Душегубку оттолкнули, а старика Васька на прощанье из ведра окатил водой. Бурлаки хохотали. Когда ругавшийся старик, наконец, отстал, Васька вытащил из кармана кисет с деньгами и красный бабий платок.
– Купил, Васька?
– Известно, купил… Пока баба Степаньке отпускала картошку, я платочек выудил.
– А кисет где господь послал?
– Кисет стариков… Вот этого самого, што нас с Федей привез. Верст десять нас пятил, согрелся, а как скинул с себя кафтан, я в кармане и нашел.
– Ну, долго будет вас благословлять старик, – смеялись бурлаки. – Теперь, поди, парит лоб-то, сердяга. Верст двенадцать надо ему подниматься вверх по реке, а приедет домой – хватится кисета… А там уж баба о платке, как корова, воет! Да не варнак ли ты, Васька….

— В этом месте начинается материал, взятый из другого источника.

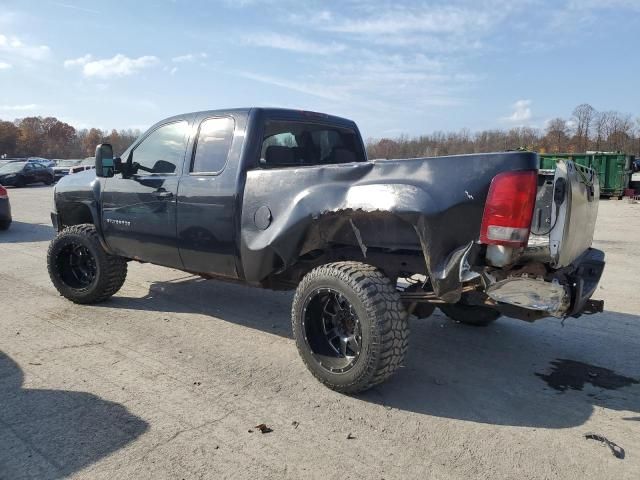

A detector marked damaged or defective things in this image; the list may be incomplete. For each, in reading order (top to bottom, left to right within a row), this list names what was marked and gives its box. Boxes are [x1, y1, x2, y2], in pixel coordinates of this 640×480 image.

damaged rear quarter panel [240, 152, 540, 298]
broken tail light [482, 171, 536, 248]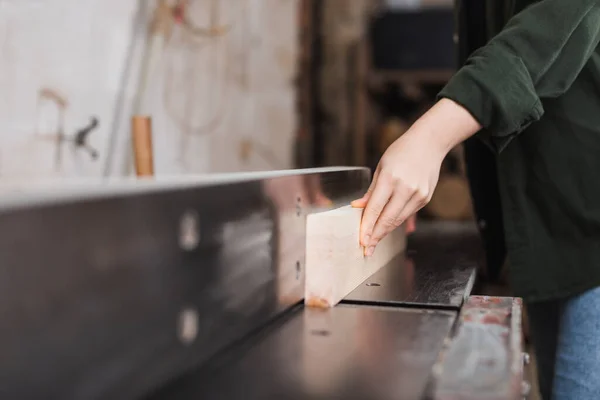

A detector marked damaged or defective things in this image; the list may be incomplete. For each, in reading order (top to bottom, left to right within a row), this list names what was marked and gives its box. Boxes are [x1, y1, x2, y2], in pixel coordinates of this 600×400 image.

rusty metal surface [0, 166, 370, 400]
rusty metal surface [344, 222, 480, 310]
rusty metal surface [145, 304, 454, 400]
rusty metal surface [426, 296, 524, 398]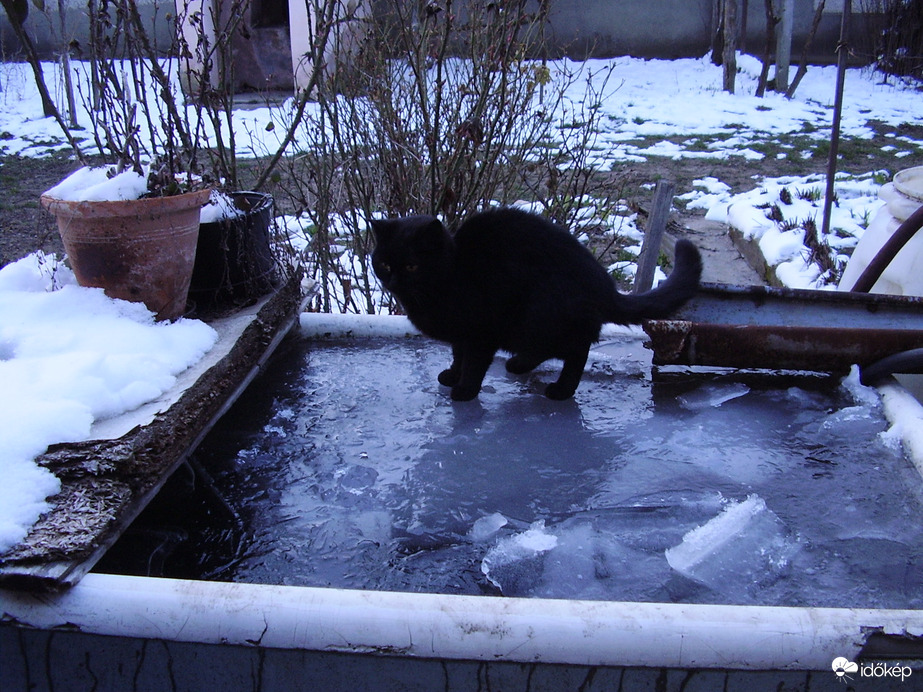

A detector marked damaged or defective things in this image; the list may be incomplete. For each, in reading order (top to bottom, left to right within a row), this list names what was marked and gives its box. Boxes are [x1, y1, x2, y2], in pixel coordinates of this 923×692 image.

rusty metal trough [648, 280, 923, 378]
rusted metal sheet [648, 284, 923, 376]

За этой сценой началось учение. Первого вызвал Окиня Рыбакова. Гаврилыч и старик с передней палубы разложили его на тюках, первый сел на голову, второй на ноги, Прошка стоял с лычагой в руках.
– Ну-ко, Прош, отпусти ему десяток…
Лычага засвистела в воздухе и оставляла синие рубцы на голой спине Рыбакова. Получив свою порцию, Рыбаков поднялся и как ни в чем не бывало встал на свое место к поносному. Васька сам явился на экзекуцию. Ему отсыпал Прошка целых двадцать ударов, но Васька даже не пошевельнулся. Этим наука и закончилась.
– Спасибо, Окиня, за науку, – благодарил Васька, приводя в порядок свой костюм. – Теперь малость как будто согрелся….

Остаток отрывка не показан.